When asked about his motivation, Mathias Uhlén points to two things: In the long run, he is motivated by wanting to make a difference either by providing basic research or by commercializing innovations to change people’s lives. In his daily life, he is motivated merely by the creative atmosphere that comes from driving a project forward and having to make good decisions every single day.
In 2010 he founded the SciLifeLab in both Stockholm and Uppsala which with its two locations bring more than 1000 scientists together every day from Karolinska Institutet, KTH Royal Institute of Technology, Stockholm University and Uppsala University. Today, he holds a board member position in SciLifeLab.
At his visit to BioInnovation Institute, we asked Mathias Uhlén a few questions about his work and visions.
What do you see happening in entrepreneurial biotech in Sweden?
In Sweden, we have teacher’s privilege which means the university researchers own their innovations. Although it has both pros and cons, we see a high number of life science start-ups come out of the universities and it is important to have a lot of flowers to pick from so to speak. For many years Sweden has had a great entrepreneurial environment and in 2017, Sweden actually had the third highest number of IPO’s in the world after the US and China. But I must admit that it was a good year.
What is your vision for SciLifeLab?
What we did with SciLifeLab was to move faculties from the different universities together to create a multidisciplinary environment. We needed the infrastructure to bring everyone together and today that is in place at SciLifelab. I am still part of SciLifeLab as a board member, and a scientist and my vision is that SciLifeLab becomes one of the major hubs for data-driven life science in the world.
How do you see BII and SciLifeLab benefit from one another?

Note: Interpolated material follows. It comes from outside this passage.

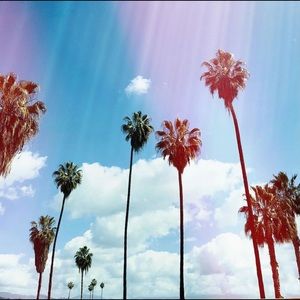 Meet your Posher, Christy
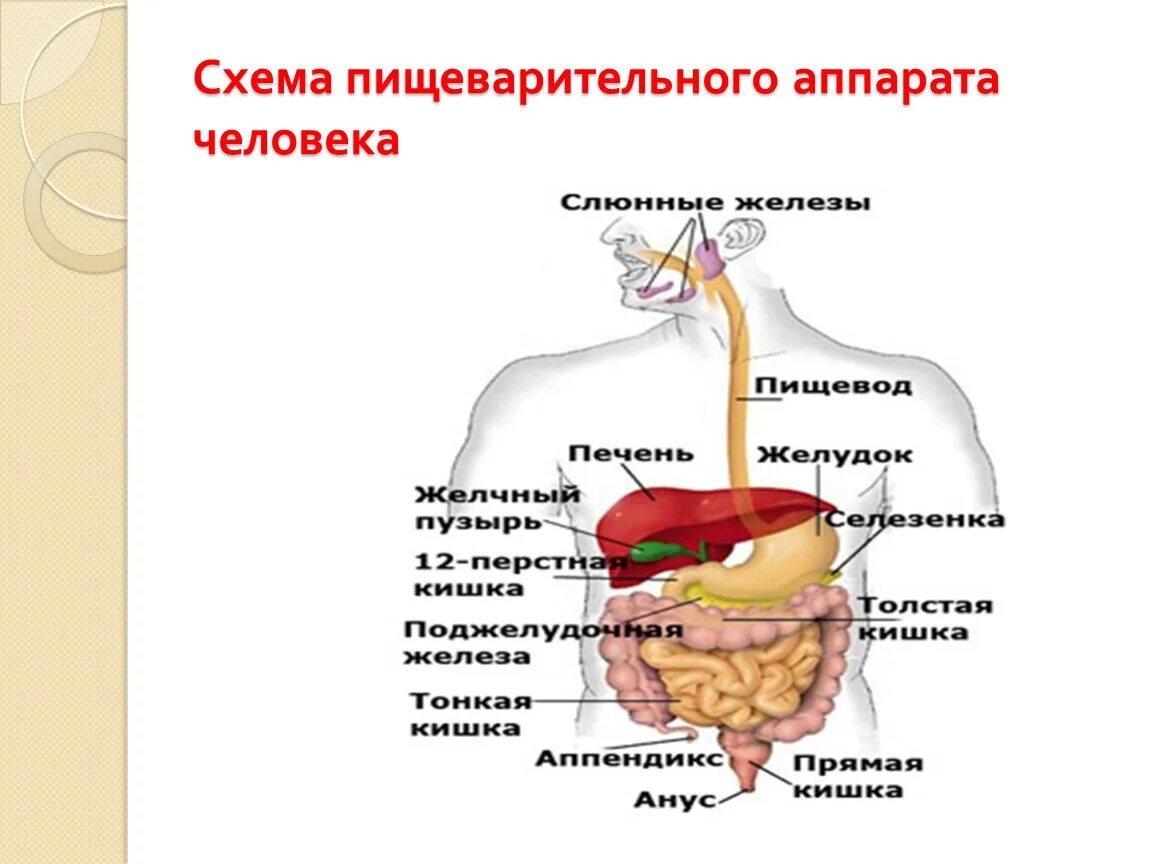 Пищеварительный процесс человека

I am extremely impressed by the setup for promoting life science innovation and entrepreneurship here at BioInnovation Institute. I see that a lot of the science and innovations that come out of SciLifeLab could move to BioInnovation Institute to further develop. Denmark and Sweden form a little Silicon Valley in Europe because both countries have very good scientific bases and entrepreneurial platforms: In the later years, the universities in both countries have also become much better in helping people form companies to commercialize research.

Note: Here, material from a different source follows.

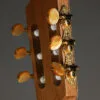 Kremona Sofia SC-T Classical Guitar – New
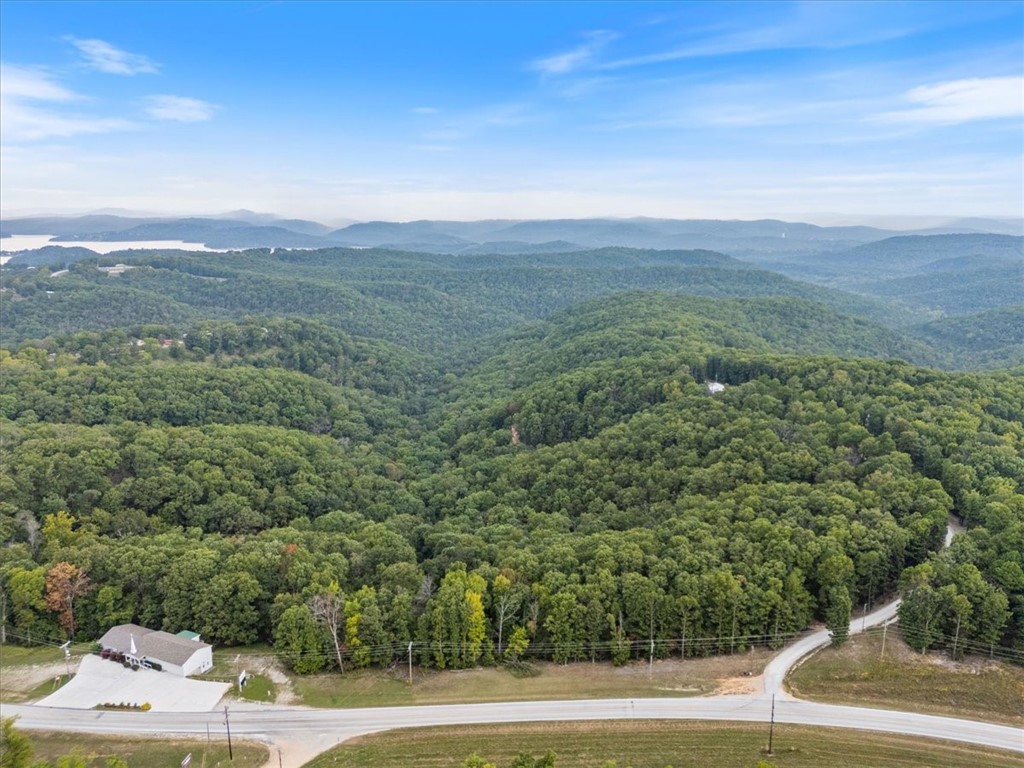 Beaver Lake Dev - Land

What are the most important things for a life science start-up to be aware of in the early stages?
It is very important to define your competitive edge and position in the market, and it is also necessary to be number one in your niche. Simply because it is tough to make it if you are number two or three. But a niche can be many things – geographical, clinical or scientific and a small niche equals small money while a large niche equals a lot.